Liczyć w PRL-u nie nauczyli
W sporze o Trybunał Konstytucyjny Prawo i Sprawiedliwość stosuje broń, która świetnie sprawdziła się w bitwie o prezydenturę i parlament.
Również główny „trybunalski” harcownik, poseł Stanisław Piotrowicz (dawny PRL-owski prokurator), nie waha się sięgać po - delikatnie mówiąc - przekłamania. Aby zdyskredytować sędziów TK, zarzucił im lenistwo twierdząc, że zajmują się średnio sześcioma sprawami w roku.
Tymczasem w roku 2015 Trybunał wydał (cytuję za komunikatem ze stron TK): „w toku rozpoznania merytorycznego (orzekanie o zgodności aktów prawnych z Konstytucją, w pełnym składzie albo w składach 3- i 5-osobowych) − 63 wyroki, 109 postanowień kończących (umarzających) postępowanie, (...) w toku wstępnej kontroli skarg konstytucyjnych i wniosków (...) według stanu na 21 XII br.: 719 postanowień (419 o odmowie nadania biegu − jednoosobowo i 300 w składzie trzyosobowym o uwzględnieniu albo nieuwzględnieniu zażalenia).
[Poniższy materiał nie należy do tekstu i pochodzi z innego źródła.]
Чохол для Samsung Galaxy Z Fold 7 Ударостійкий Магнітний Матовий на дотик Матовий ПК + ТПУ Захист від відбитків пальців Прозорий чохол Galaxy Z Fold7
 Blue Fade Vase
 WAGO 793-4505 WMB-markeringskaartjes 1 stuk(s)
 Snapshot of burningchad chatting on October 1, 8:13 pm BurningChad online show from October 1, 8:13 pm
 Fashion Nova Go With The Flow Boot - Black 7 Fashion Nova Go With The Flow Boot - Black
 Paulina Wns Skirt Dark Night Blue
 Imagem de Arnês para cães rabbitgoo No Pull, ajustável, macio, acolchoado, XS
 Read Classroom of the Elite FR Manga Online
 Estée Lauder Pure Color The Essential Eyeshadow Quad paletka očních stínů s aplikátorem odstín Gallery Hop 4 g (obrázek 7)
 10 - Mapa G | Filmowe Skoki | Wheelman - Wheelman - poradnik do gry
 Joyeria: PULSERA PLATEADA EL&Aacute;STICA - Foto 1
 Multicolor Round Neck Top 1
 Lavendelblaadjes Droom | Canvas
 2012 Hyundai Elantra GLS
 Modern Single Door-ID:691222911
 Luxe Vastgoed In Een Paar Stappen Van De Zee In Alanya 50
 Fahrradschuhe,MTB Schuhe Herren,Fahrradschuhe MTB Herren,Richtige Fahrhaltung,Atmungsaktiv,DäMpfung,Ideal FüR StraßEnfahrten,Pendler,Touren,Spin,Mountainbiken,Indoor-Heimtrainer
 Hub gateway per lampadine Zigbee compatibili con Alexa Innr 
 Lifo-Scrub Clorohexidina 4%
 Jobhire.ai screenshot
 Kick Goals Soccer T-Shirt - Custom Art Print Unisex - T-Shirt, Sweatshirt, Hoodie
Ponadto - po zbadaniu − skierował zarządzeniami do merytorycznego rozpoznania 60 skarg konstytucyjnych i wniosków.”
Te liczby mają się nijak do „rewelacji” posła PiS. Wszystko można powiedzieć o PRL-u, ale nie to, iż ówcześni aparatczycy - a Piotrowicz był jednym z nich - nie potrafili liczyć.